KÜRT BÖLGELERİNE OLASI MÜDAHALEYİ 'İLHAK' SAYARIZ

Kürt bölgelerine yönelecek bir müdahaleye karşı kendilerini savunacaklarını belirten Aldar Xelil, Kürdistan bölgesinin müdahaleye ihtiyacı olmadığını çünkü kendi güvenliğini alan kendi örgüt ve yönetim yeteneklerinin mevcut olduğunu söyleyerek sözlerini şöyle sürdürüyor: “Bu yüzden her hangi bir müdahale olacaksa bu bizim bölgemize değil rejime yönelik olabilir. Her hangi bir müdahaleyi bir saldırı ve ilhak olarak değerlendirir ve kendi meşru savunmamızı sağlamaya çalışırız.”

Rejime yönelik bir askeri müdahalenin iç savaşın taraflarını ve dengelerini nasıl etkileyeceğine ilişkin soruya, Asya Abdullah şöyle cevap veriyor: “Zaten ağır bir saldırı var. Rojava’ya yönelik aralıksız bir saldırı altındayız. Zaten Türkiye Suudi Arabistan Kürtlere saldıran bu gruplara fili destek sağlıyor. Diğer güçler ise bu saldırılar karşısında sessizliğini koruyor.

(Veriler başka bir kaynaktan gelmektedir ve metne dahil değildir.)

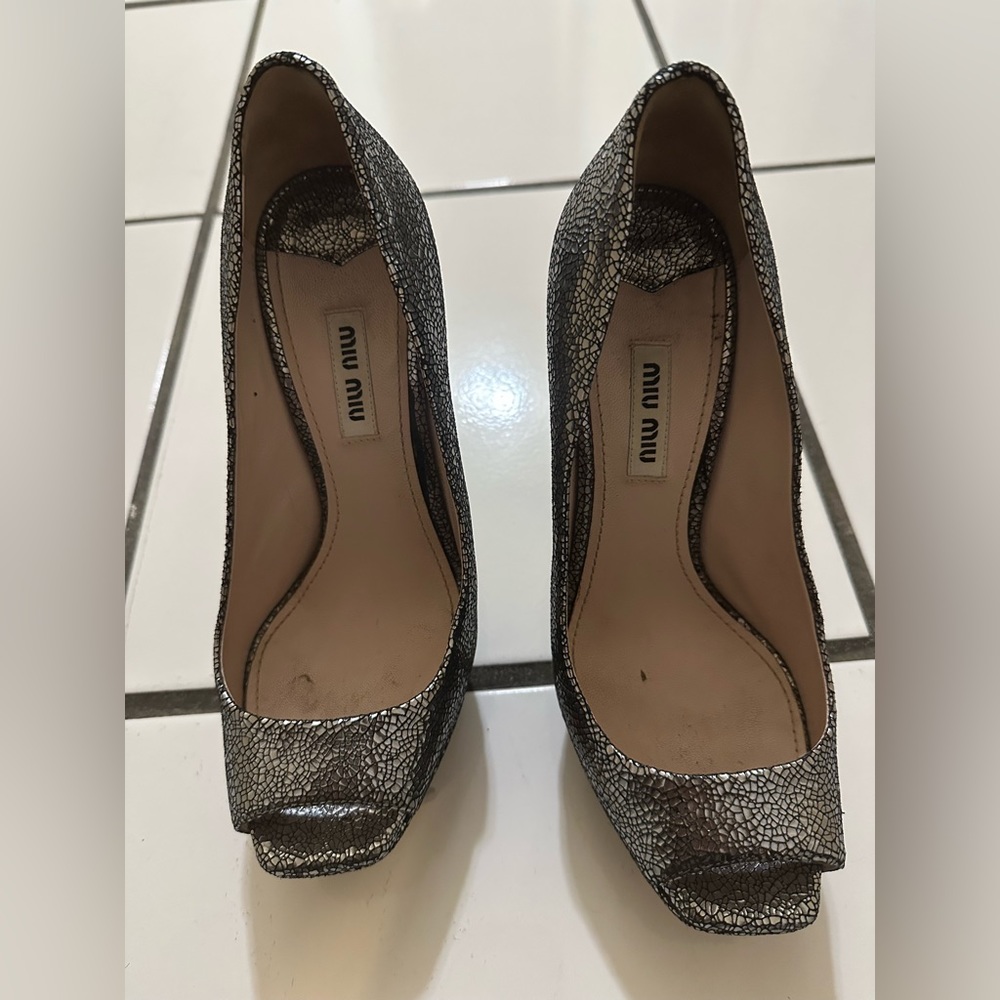 Miu miu sandals , size 7 , used great conditions
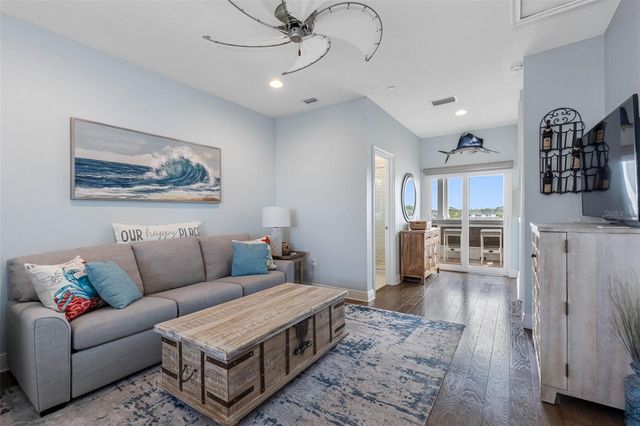 19915 GULF BOULEVARD 806, Indian Shores, FL 33785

Ama müdahalenin yeni dengelere ve yeni tutumlara yol açma ihtimallerini göz ardı etmiyoruz. Suriye üzerinde hesapları olan taraflar, bölge ülkeleri ve muhalif güçlerin farklı hesapları olabilir. Onun için hem müdahaleyi gerçekleştiren ülkelere hem de bölge ülkelerine şunu diyebiliriz; bu gün Kürt bölgeleri istikrarlı, kendi güvenliğini sağlayacak güçtedir. Kendi bölgelerinde öz güçleriyle yaşama ve kendi kendilerini yönetme yeteneğindedirler.  Bu yüzden Kürt bölgelerine yönelik bir müdahaleyi ilhak sayar ve kendimizi savunuruz.  Bu yüzden batı müdahalesini fırsat sayarak Rojava’ya yönelik saldırı hesabında olanlar varsa onlara karşı kendimizi savunuruz.”

DEVRİME SAHİP ÇIKALIM

“Rojava’da yaşanan gelişmeler tüm Kürt halkının kazanımlarıdır” diyen Asya Abdullah her dört parçadaki ve yurt dışındaki halkın desteğinden güç aldıklarını belirterek konuşmasını şöyle sonuçlandırıyor: “Hem Kürdistan hem yurt dışındaki halkımızdan önemli bir tutum ve yaklaşım var. Destek veriyor yürüyüşler var. Bundan güç alıyoruz. Biz devrimi destekleyen duruşun sürmesini istiyoruz. Tabi ki bütün halkımızın Kürt halkının ulusal çıkarlarının savunulması için Rojava’nın yanında yer almayı sürdürmelidir. Biz Kürdistani güçler Rojava’ya yönelik saldırılar konusunda daha net tutum almalıdır.        

Bir ulusal kongreye doğru gidiyoruz. Bu yüzden ulusal birliğin gereği olarak Rojava’ya yönelik saldırılara karşı tutum almak gerekiyor. Tüm Kürdistanı hareketlere örgütlere devrimi her yönden savunma ve destekleme çağırısı yapıyoruz.”